Shrek (2001)                                                 4.500000
Aladdin (1992)                                               4.000000
Lord of the Rings: The Two Towers, The (2002)                4.000000
Gladiator (2000)                                             4.000000
Lord of the Rings: The Fellowship of the Ring, The (2001)    4.000000
Lord of the Rings: The Return of the King, The (2003)        4.000000
Lord of the Rings: The Two Towers, The (2002)                3.549206
Lord of the Rings: The Fellowship of the Ring, The (2001)    3.549206
Forrest Gump (1994)                                          3.500000
Lord of the Rings: The Return of the King, The (2003)        3.399756
dtype: float64

The series suggestions contains all the suggested movie names alongside their a combination of their correlation factor and the user's own ratings.

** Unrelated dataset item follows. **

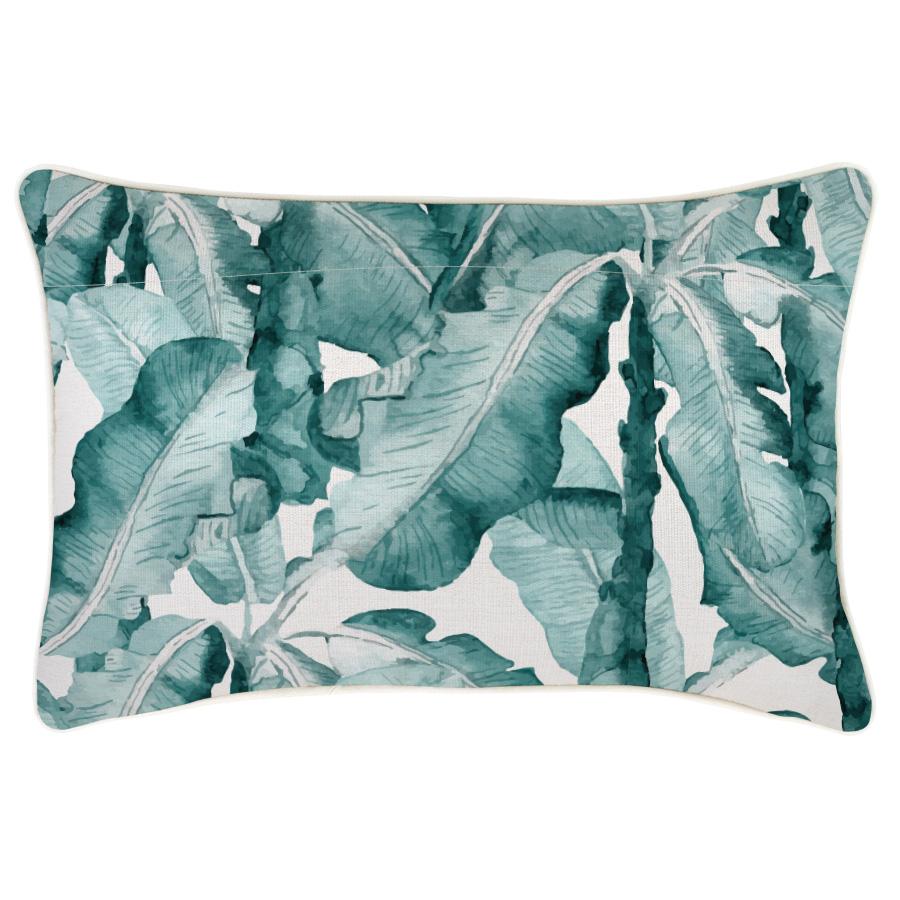 Cushion Cover-With Piping-Bora Bora-35cm x 50cm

Now, we use groupby function to sum up the correlation numbers of the movies and sort them to figure out the most sugguested movies for the user.

In [9]:
suggestions = suggestions.groupby(suggestions.index).sum()

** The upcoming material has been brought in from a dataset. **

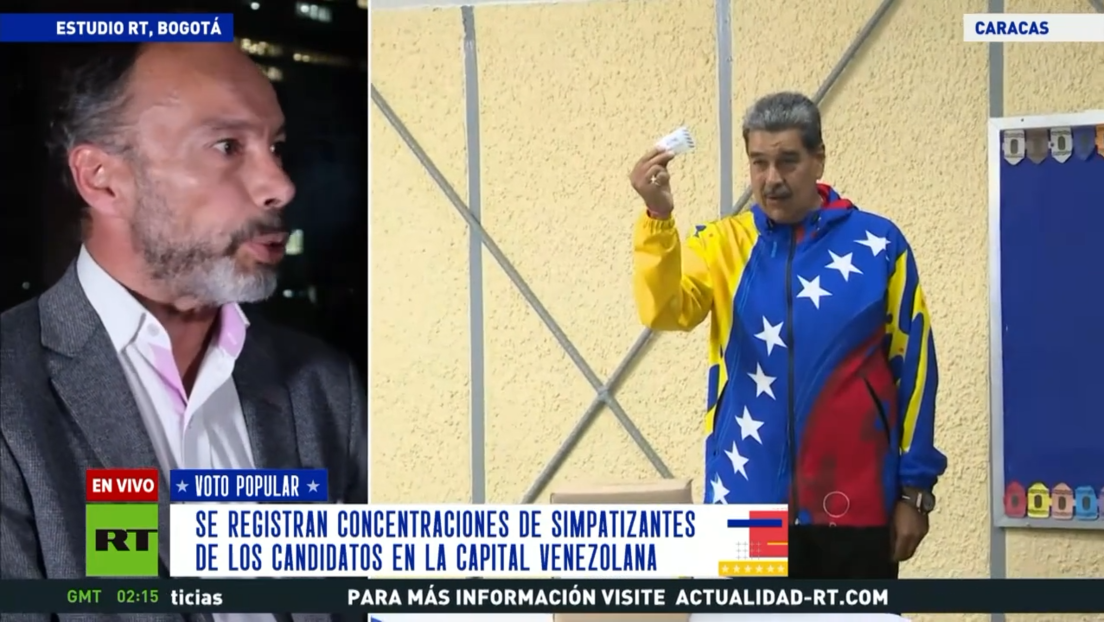 Analista opina sobre las posibles reacciones internacionales a la jornada electoral en Venezuela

suggestions.sort_values(inplace=True, ascending=False)
suggestions.head(10)

Lord of the Rings: The Fellowship of the Ring, The (2001)    11.051295
Lord of the Rings: The Two Towers, The (2002)                10.835218
Lord of the Rings: The Return of the King, The (2003)        10.685768
Shrek (2001)                                                  4.500000
Aladdin (1992)                                                4.000000
Gladiator (2000)                                              4.000000
Forrest Gump (1994)                                           3.811147
Matrix, The (1999)                                            3.273499
Fight Club (1999)                                             1.910394
Pulp Fiction (1994)                                           1.706536
dtype: float64

Now, we see that the system has suggested movies based on correlated movies related to the movies rated by the user.